Mrs Faith Akinrelere’s 15-month-old baby spent lesser time visiting the hospital. Even during the teething phase, all that was noticed was  tooth erupting without the usual diarrhoea that his older siblings always experienced.

“The benefit of breastfeeding that caught my attention was that  it builds baby’s immune system. That meant that if I breastfeed my baby she will not fall ill every other month,” she added.

Akinrelere, a mother of four, had resolved to exclusively breastfeed her fourth baby after her search on benefits of breastmilk on the internet.
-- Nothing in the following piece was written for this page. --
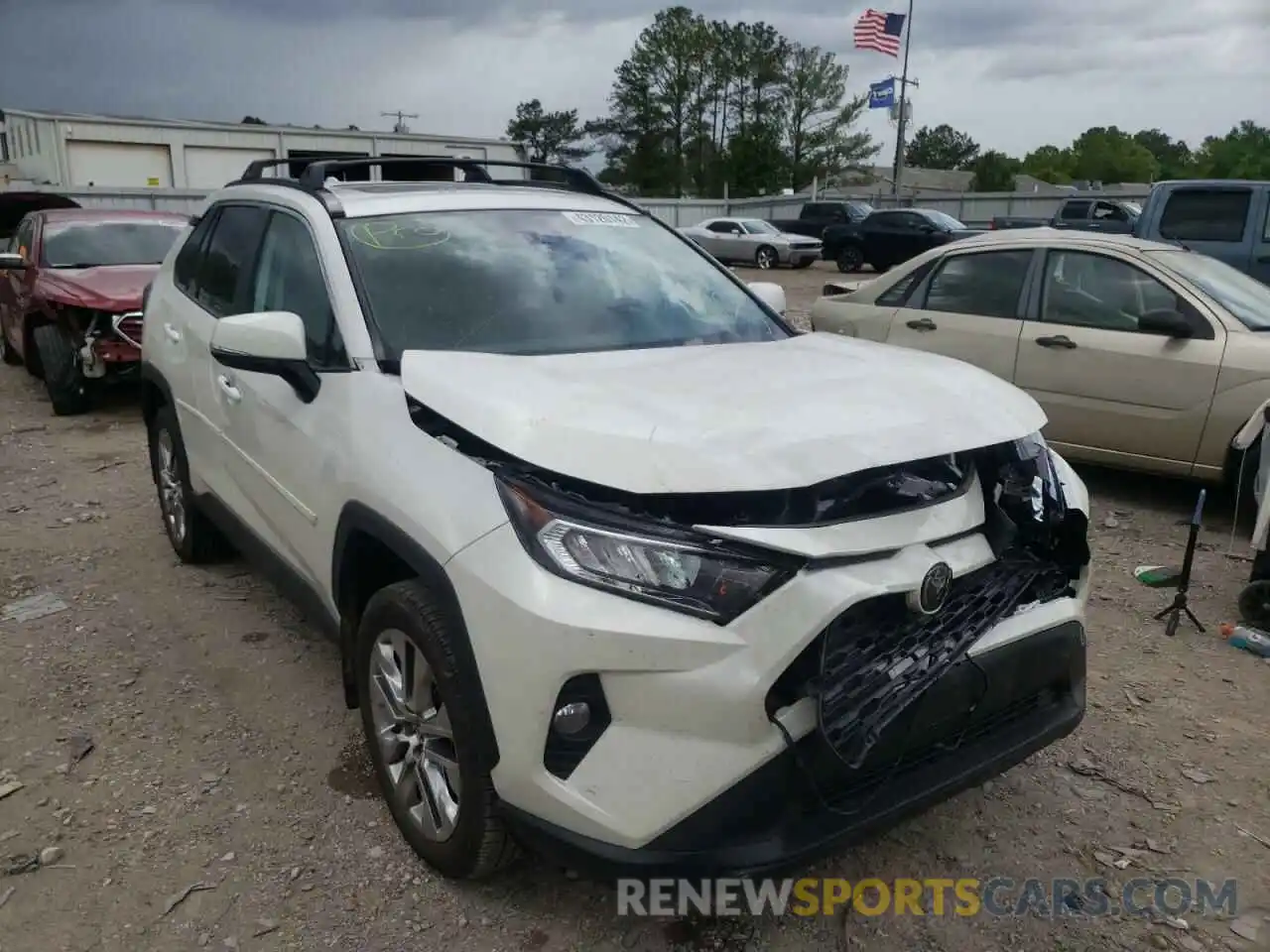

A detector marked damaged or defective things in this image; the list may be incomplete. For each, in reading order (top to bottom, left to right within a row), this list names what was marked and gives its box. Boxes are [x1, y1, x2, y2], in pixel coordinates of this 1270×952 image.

All her other children had stopped taking breast milk before seven months on their own.

According to Mrs Akinrelere, “Unlike my other children, she looks so healthy, big and everything is very perfect with her. Each time people see her, they ask me, ‘are you sure this is your baby’.”

Moreover, Mrs Akinrelele was also breastfeeding while pregnant for months. Her second baby was seven months old when she knew she was three months pregnant.

Medical Director J-Rapha Hospital and Maternity Limited, Dr Olaide Amotsuka, said a pregnant woman can breastfeed her baby because of the feedback mechanism between the brain and breast.

She said Mrs Sijuade was able to breastfeed her two babies of different ages because the brain was able to send an appropriate message to the breast on the breast milk volume and quality to produce for the sucking child.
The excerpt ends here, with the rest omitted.